Na Mitologia Hindú esta visão fica bem clara, ao colocar os demônios (Asuras) como devotos de Deus (Shiva) que eram geralmente Saddhus ou monjes que por alguma razão foram tranformados em demônios para cumprirem alguma função. E aí eles tem que ser mortos e liberados por Deus (Vishnu) para voltarem à sua condição de Santos e Sábios.

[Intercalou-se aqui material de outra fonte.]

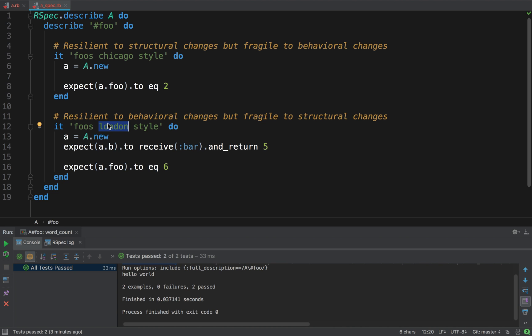At times, it can be hard to write a Chicago-style test, because maybe you have a lot of states, so it can be difficult. And in such times, you should just use London. But I believe that you should default to Chicago and only resort to London when it's really too hard to write the test. And what else? I guess this is everything I have to say right now about London and Chicago.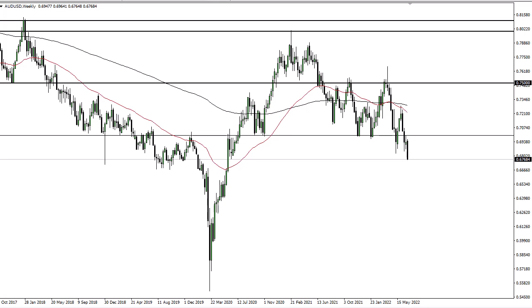I would say that if we get some type of significant bounce from here, there will be plenty of traders out there willing to jump on this. With that being the case, I think you need to pay close attention to opportunities to pick up cheap dollars and take advantage of them going forward. Ultimately, the 70 level being broken to the upside would be impressive, but again, I don't know that I see it.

A vida que vivemos, o que somos e o que nos acontece é fruto 100% das nossas escolhas e opções – conscientes ou inconscientes, feitas nesta ou em outra(s) vida(s). E isto é a grande maravilha da vida, pois nos confere o poder de nos responsabilizarmos totalmente por nós mesmos e transformar totalmente nossa existência em qualquer tempo.

O fato de que o Universo é um único Ser totalmente integrado como uma grande teia holográfica, onde cada componente funciona como um ímã atraindo e repelindo energia, coisas, pessoas e situações – tudo devidamente gerenciado pelas leis do Karma, da Sincronicidade e da Ressonância – faz com que estejamos constantemente atraindo as coisas, pessoas e situações necessárias para nosso aprendizado e evolução. Esta é a forma que a Vida utiliza para nos ensinar.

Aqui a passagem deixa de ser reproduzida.